Due via Canvas: Fri, March 4

Instructions

Some other guidance

  • All problems should be answerable in at most a few lines of R code. Questions which require looking up values should be answered using R code and not manually checking the value through the RStudio GUI.
  • Problems are thematically divided but each bullet point should be seen as a separate exercise
  • Do not print unnecessary output you will be penalized for printing long strings of unnecessary output. These reports should be clean and as concise as possible.
    • You can use additional options in each code chunk to control how much the html output renders
      • You can find more information on how to control display options here
  • Use ggplot2 for your plots. Some of the plots in the problem set might be easier using base R but the purpose of the problem set is to use the skills we are learning.
  • Like everything else in the world of coding, there are multiple ways to do this; some more simple (require only one or two verbs or lines of code) other more complex where you might need to combine multiple verbs and perhaps might need to do some googling. I actually want you to do this.
  • When writing interpretation to the questions use markdown, do not use comments inside the chunks

Data

The file democracy.csv contains data from Przeworski et. al, Demoracy and Deveolpment: Political Institutions and Well-Being in the Worlds, 1950-19901. The data have been slightly recoded, to make higher values indicate higher levels of political liberty and democracy.

Variable Description
COUNTRY numerical code for each country
CTYNAME name of each country
REGION name of region containing country
YEAR year of observation
GDPW GDP per capita in real international prices
EDT average years of education
ELF60 ethnolinguistic fractionalization
MOSLEM percentage of Muslims in country
CATH percentage of Catholics in country
OIL whether oil accounts for 50+% of exports
STRA count of recent regime transitions
NEWC whether county was created after 1945
BRITCOL whether country was a British colony
POLLIB degree of political liberty (1–7 scale, rising in political liberty)
CIVLIB degree of civil liberties (1–7 scale, rising in civil liberties)
REG presence of democracy (0=non-democracy, 1=democracy)

Problems

  1. Initial set up
    • Load the Democracy dataset into memory as a dataframe. Use the read.csv function, and the stringsAsFactors = FALSE option. Note that missing values are indicated by “.” in the data. Find the option in read.csv that controls the string used to indicate missing values.
  2. Initial data exploration
    • Report summary statistics (means and medians, at least) for all variables.
    • Create a histogram for political liberties.
    • Now, create a histogram for political liberties in which each unique value of the variable is in its own panel.
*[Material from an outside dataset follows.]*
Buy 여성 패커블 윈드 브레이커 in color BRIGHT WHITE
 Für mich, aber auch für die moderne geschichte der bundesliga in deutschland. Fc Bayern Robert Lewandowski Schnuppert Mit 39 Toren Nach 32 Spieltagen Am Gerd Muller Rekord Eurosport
What is new in this plot as compared to the previous one?
    • Create a histogram for GDP percapita.
    • Create a histogram for log GDP per capita. How is this histogram different than the one for GDP per capita when it was not logged?
  3. Explore relationships
    • Create a scatterplot of political liberties against GDP per capita. That is, political liberties is the dependent variable.
    • When there is a lot of overlap in a scatter plot it is useful to “jitter” the points (randomly move them up and down). Make the previous plot but jitter the points to mitigate the problem of overplotting. (Only jitter the points vertically). You can use geom_jitter in ggplot2 for this.
    • Create a scatterplot of political liberties against log GDP per capita. Jitter the points. How is the relationship different than when GDP per capita was not logged.
    • Create a boxplot of GDP per capita for oil producing and non-oil producing nations, make sure to have both values in one single graph.
    • Add a substantive interpretation to this graph.
    • Now, create a graph with boxplots of each region’s GDP per capita where oil producing and non-oil show different color.
    • Add a substantive interpretation to this graph. How does it compare to the previous graph?
  4. Transform data and analyze
    • Calculate the mean GDP per capita in countries with at least 40 percent Catholics. How does it compare to mean GDP per capita for all countries?
    • Calculate the average GDP per capita in countries with greater than 60% ethnolinguistic fractionalization, less than 60%, and missing ethnolinguistic fractionalization. Hint: you can calculate this with the dplyr verbs: filter,mutate, group_by and/or summarise.
    • What was the median of the average years of education in 1985 for all countries? One country is right at the median, which country is this?
    • Which countries were closest to the median years of education in 1985 among all countries?
    • What was the median of the average years of education in 1985 for democracies?
    • Which democracy was (or democracies were) closest to the median years of education in 1985 among all democracies?
    • What were the 25th and 75th percentiles of ethnolinguistic fractionalization for new and old countries?

Notes:

1 Przeworski, Adam, Michael E. Alvarez, Jose Antonio Cheibub, and Fernando Limongi. 2000. Democracy and Development: Political Institutions and Well-Being in the World, 1950-1990. Cambridge University Press.